• _EXERCISE DETAILS_: Among the entries that follow, locate the line with "In this example, we're" and the line with "And to whom". Output those lines and all lines in between, exactly, minus the pictures.

• _RECORDS FOR THIS TASK_:

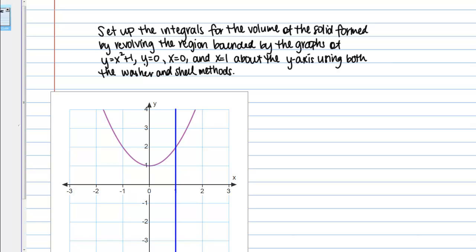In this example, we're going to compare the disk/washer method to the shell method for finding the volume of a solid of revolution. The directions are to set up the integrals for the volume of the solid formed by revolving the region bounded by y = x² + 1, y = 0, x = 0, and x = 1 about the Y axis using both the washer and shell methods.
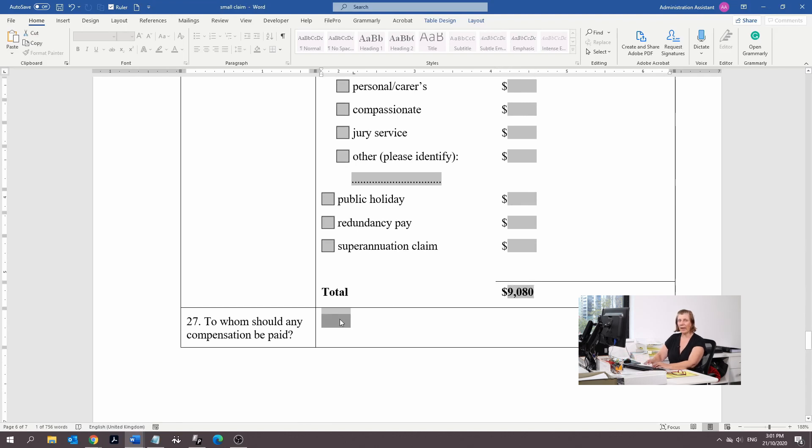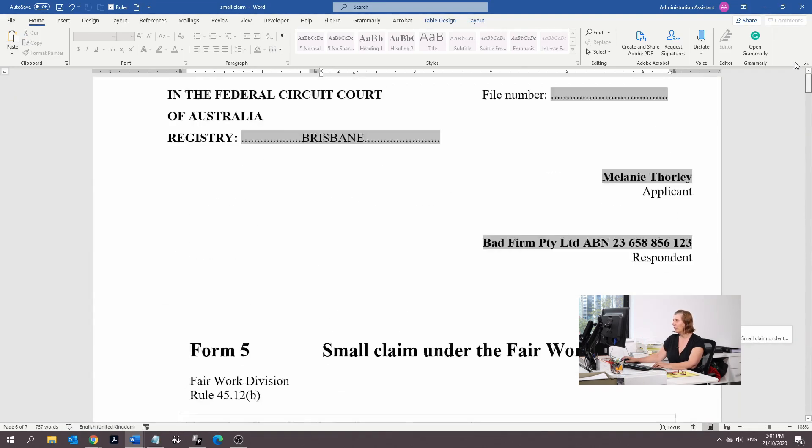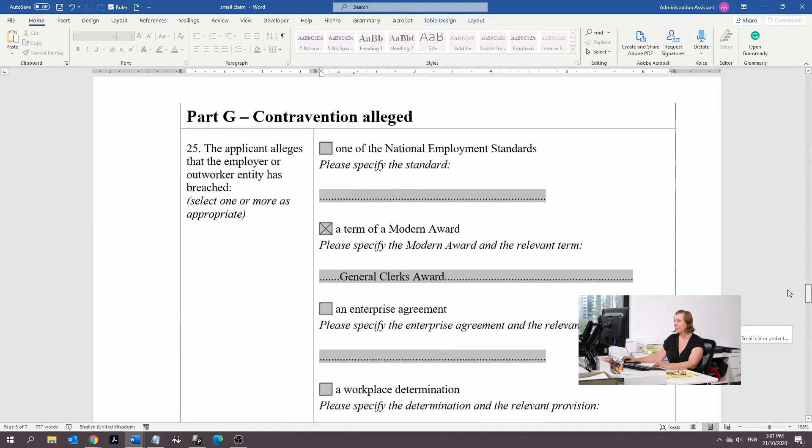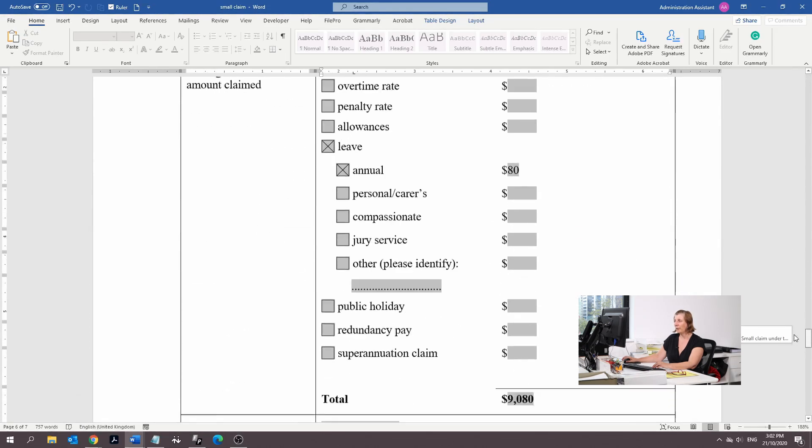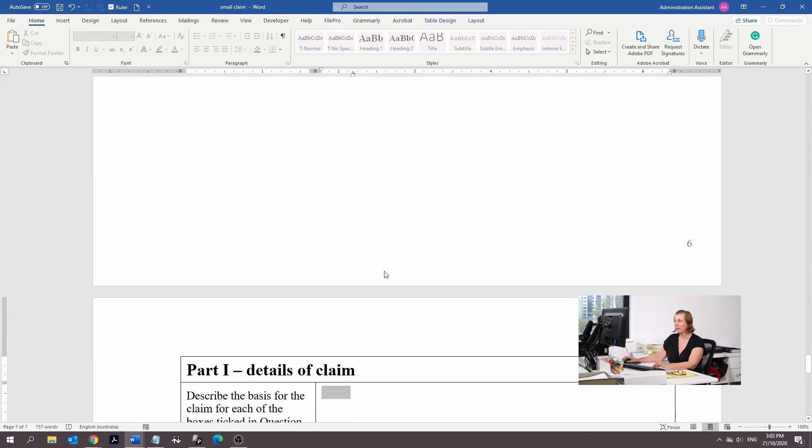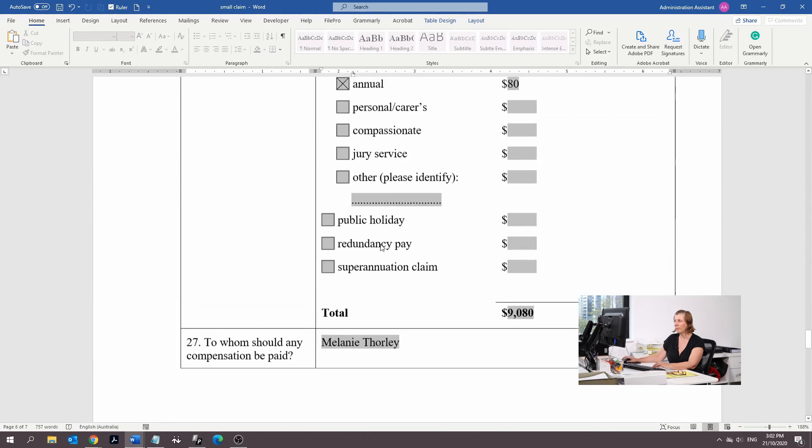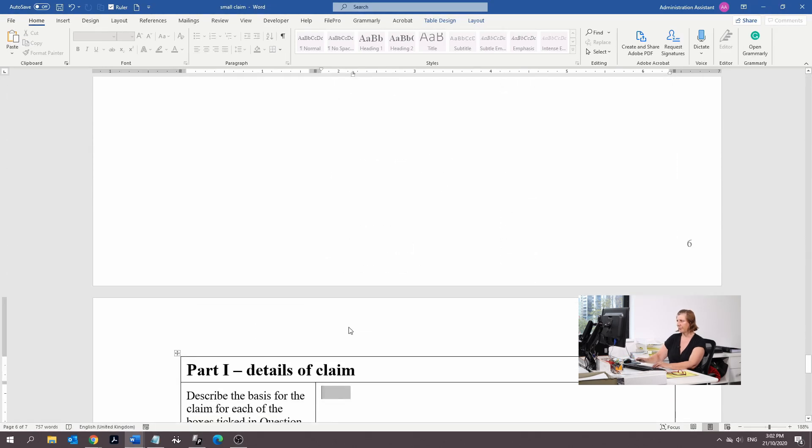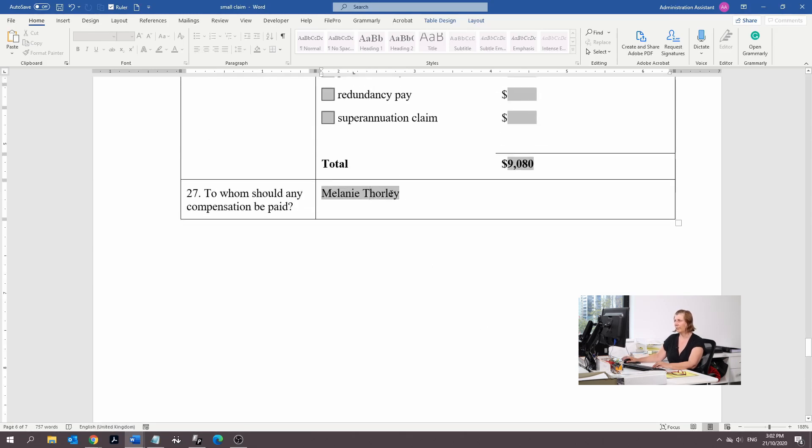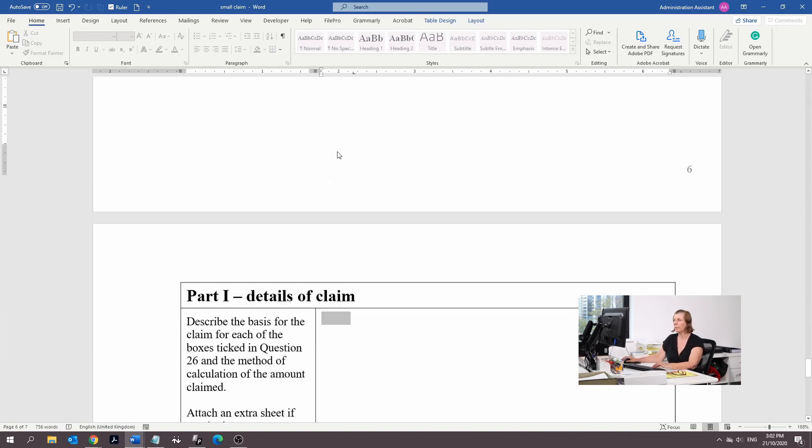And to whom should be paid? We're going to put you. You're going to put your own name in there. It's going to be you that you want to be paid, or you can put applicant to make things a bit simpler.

==

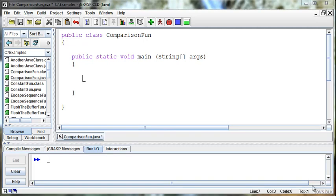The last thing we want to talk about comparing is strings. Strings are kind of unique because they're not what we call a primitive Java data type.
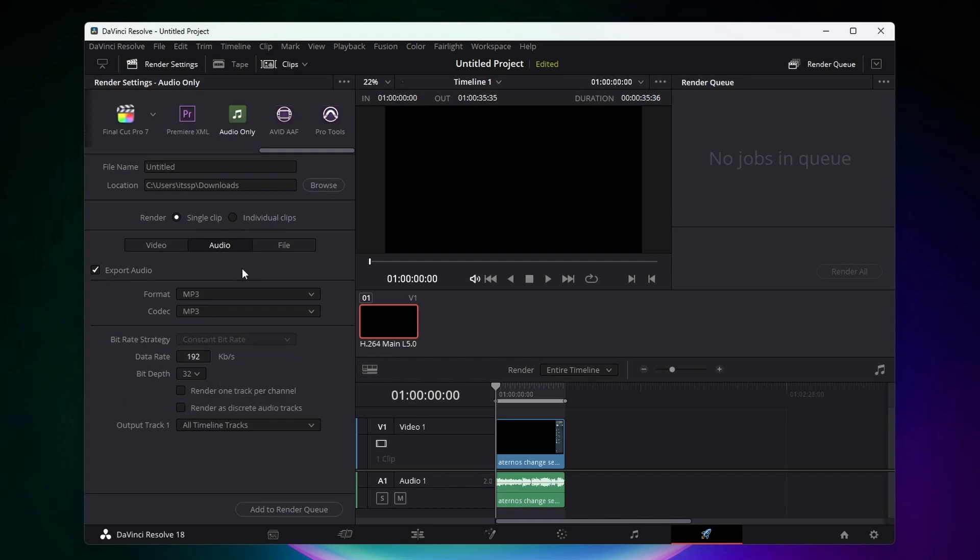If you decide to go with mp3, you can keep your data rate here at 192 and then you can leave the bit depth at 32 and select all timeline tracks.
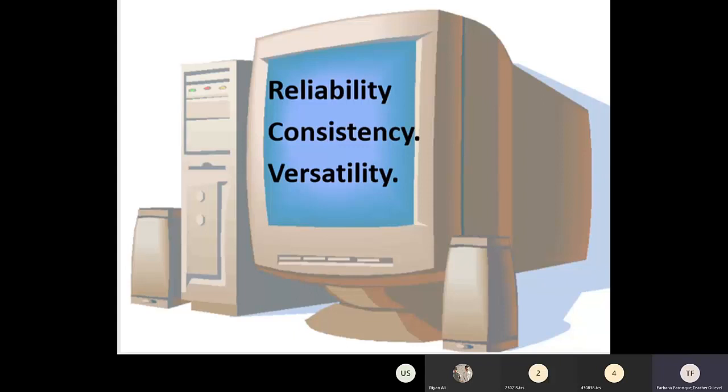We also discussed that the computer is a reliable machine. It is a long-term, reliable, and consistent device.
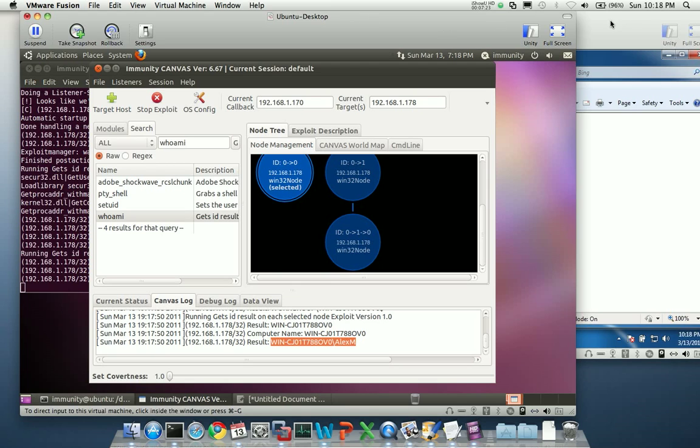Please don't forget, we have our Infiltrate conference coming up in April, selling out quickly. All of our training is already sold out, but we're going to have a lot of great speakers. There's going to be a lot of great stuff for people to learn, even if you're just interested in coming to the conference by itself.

• _REPLY_:
In this example, we're going to compare the disk/washer method to the shell method for finding the volume of a solid of revolution. The directions are to set up the integrals for the volume of the solid formed by revolving the region bounded by y = x² + 1, y = 0, x = 0, and x = 1 about the Y axis using both the washer and shell methods.
And to whom should be paid? We're going to put you. You're going to put your own name in there. It's going to be you that you want to be paid, or you can put applicant to make things a bit simpler.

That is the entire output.